Friday, the Fifth Circuit handed a major win to Texas and, I think, to the American people when a three-judge panel unanimously struck down a lower court decision invalidating the law. The case is NetChoice vs. Paxton, and the decision is below.
Netchoice vs Paxton by streiff at redstate on Scribd
Netchoice vs Paxton by streiff at redstate on Scribd
If you want the TL;DR version, this is the crucial part of the opinion.
The First Amendment protects speech: It generally prevents the government from interfering with people’s speech or forcing them to speak. The Platforms argue that because they host and transmit speech, the First Amendment also gives them an unqualified license to invalidate laws that hinder them from censoring speech they don’t like. And they say that license entitles them to pre-enforcement facial relief against HB 20.
We reject the Platforms’ attempt to extract a freewheeling censorship right from the Constitution’s free speech guarantee. The Platforms are not newspapers. Their censorship is not speech. They’re not entitled to pre-enforcement facial relief. And HB 20 is constitutional because it neither compels nor obstructs the Platforms’ own speech in any way. The district court erred in concluding otherwise and abused its discretion by issuing a preliminary injunction. The preliminary injunction is VACATED, and this case is REMANDED for further proceedings consistent with this opinion.

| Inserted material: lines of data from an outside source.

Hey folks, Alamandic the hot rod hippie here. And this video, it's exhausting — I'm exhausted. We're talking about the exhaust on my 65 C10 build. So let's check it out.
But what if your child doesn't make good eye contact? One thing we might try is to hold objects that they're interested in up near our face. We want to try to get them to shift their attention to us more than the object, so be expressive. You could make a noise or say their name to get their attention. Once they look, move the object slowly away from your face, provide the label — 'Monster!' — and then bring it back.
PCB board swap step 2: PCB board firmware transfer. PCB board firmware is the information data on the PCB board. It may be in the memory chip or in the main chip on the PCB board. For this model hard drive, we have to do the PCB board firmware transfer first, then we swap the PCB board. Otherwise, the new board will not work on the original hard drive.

This all started in September 2021 when the Texas Legislature passed a pretty commonsense bill. It says that any social media platform with over 50 million subscribers may not censor (and the Texas law defines “censor” so that the “only government can censor” crowd won’t have a hernia):
(1) the viewpoint of the user or another person;
(2) the viewpoint represented in the user’s expression or another person’s expression; or
(3) a user’s geographic location in this state or any part of this state.

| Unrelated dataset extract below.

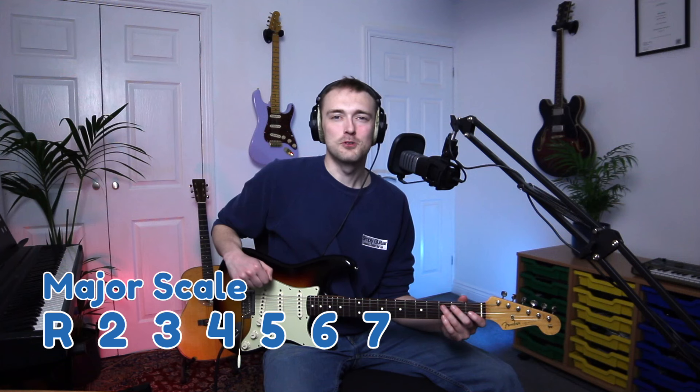The major scale has the formula: root, second, third, fourth, fifth, sixth, seventh, and then the root again. It is our purest unaltered form of western music. The fingering for the open C major scale is like this.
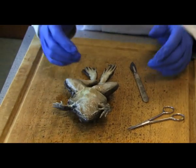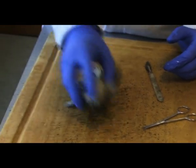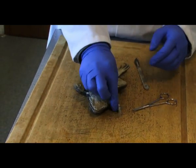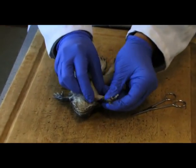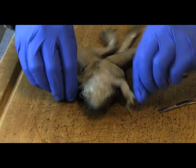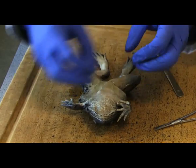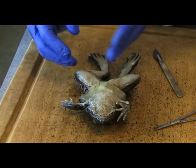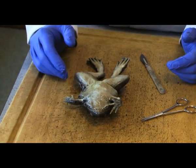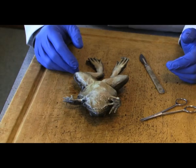First and foremost, when you've stabilized the frog on its back, what you want to do is try and make sure you can get the arms and the legs out as much as you can, because it makes it easier — it creates a tension on the skin, and then when you're doing your incision it makes it easier to open the cavities up and to obviously expose the various organs on the inside.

The Fifth Circuit panel notes that under Supreme Court precedents, to make a successful First Amendment challenge, the plaintiff must show that the “challenged law either (a) compels the host to speak or (b) restricts the host’s own speech. The Platforms cannot make either showing.” The law allows the platform’s management to say anything it wants to say; what it prohibits is that platform, when operating under the Section 230 safe harbor provided in the Communications Decency Act, from silencing the viewpoints of users.

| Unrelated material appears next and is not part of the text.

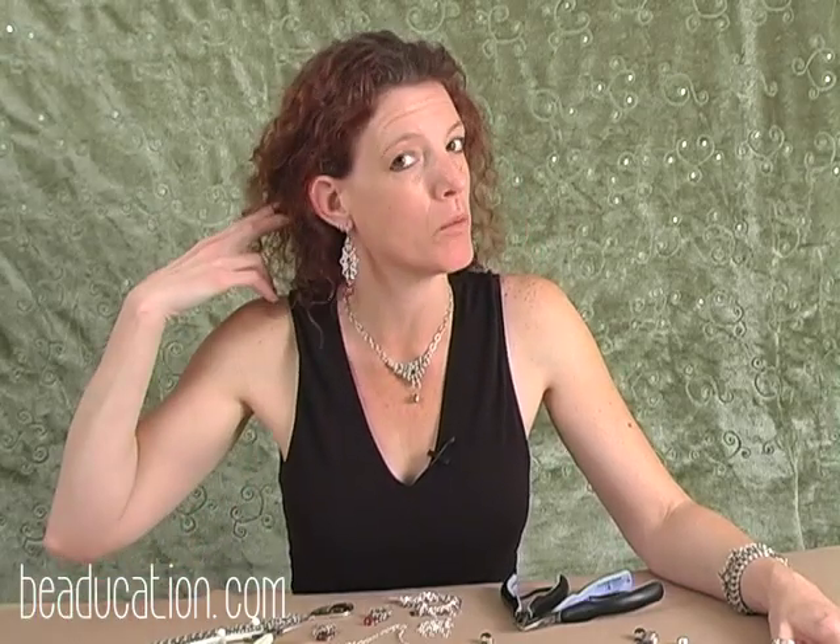Thank you for joining me here today to make the Byzantine Sunburst Necklace. Have a great time wearing it, and don't forget that the bike chain earrings do in fact go very well with them — that's another class here on Beaducation.com. If you have any comments or feedback for us, please feel free to get in contact with us. Thanks, see you next time.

When the Fifth Circuit lays out the attack on the Texas law, it exposes the self-contradictory heads-I-win-tails-you-lose nature of their argument (italics are in the original).
Section 230 undercuts both of the Platforms’ arguments for holding that their censorship of users is protected speech. Recall that they rely on two key arguments: first, they suggest the user-submitted content they host is their speech; and second, they argue they are publishers akin to a newspaper. Section 230, however, instructs courts not to treat the Platforms as “the publisher or speaker” of the user-submitted content they host. Id. ? 230(c)(1). And those are the exact two categories the Platforms invoke to support their First Amendment argument. So if ? 230(c)(1) is constitutional, how can a court recognize the Platforms as First-Amendment-protected speakers or publishers of the content they host?
The Platforms respond that they in fact are speakers and publishers, and Congress simply instructed courts to pretend they aren’t for purposes of publishing-related liability. Moreover, the legislature can’t define what constitutes “speech” under the First Amendment–otherwise, for example, it could abrogate Miami Herald by simply defining newspapers as “not publishers.” Because the legislature may not define what constitutes FirstAmendment-protected speech, the Platforms argue ? 230 has no bearing on the constitutional questions in this case.
The opinion also supports Texas using “common carrier” doctrine to break social media censorship.
The common carrier doctrine is a body of common law dating back long before our Founding. It vests States with the power to impose nondiscrimination obligations on communication and transportation providers that hold themselves out to serve all members of the public without individualized bargaining. The Platforms are communications firms of tremendous public importance that hold themselves out to serve the public without individualized bargaining. And Section 7 of HB 20 imposes a basic nondiscrimination requirement that falls comfortably within the historical ambit of permissible common carrier regulation.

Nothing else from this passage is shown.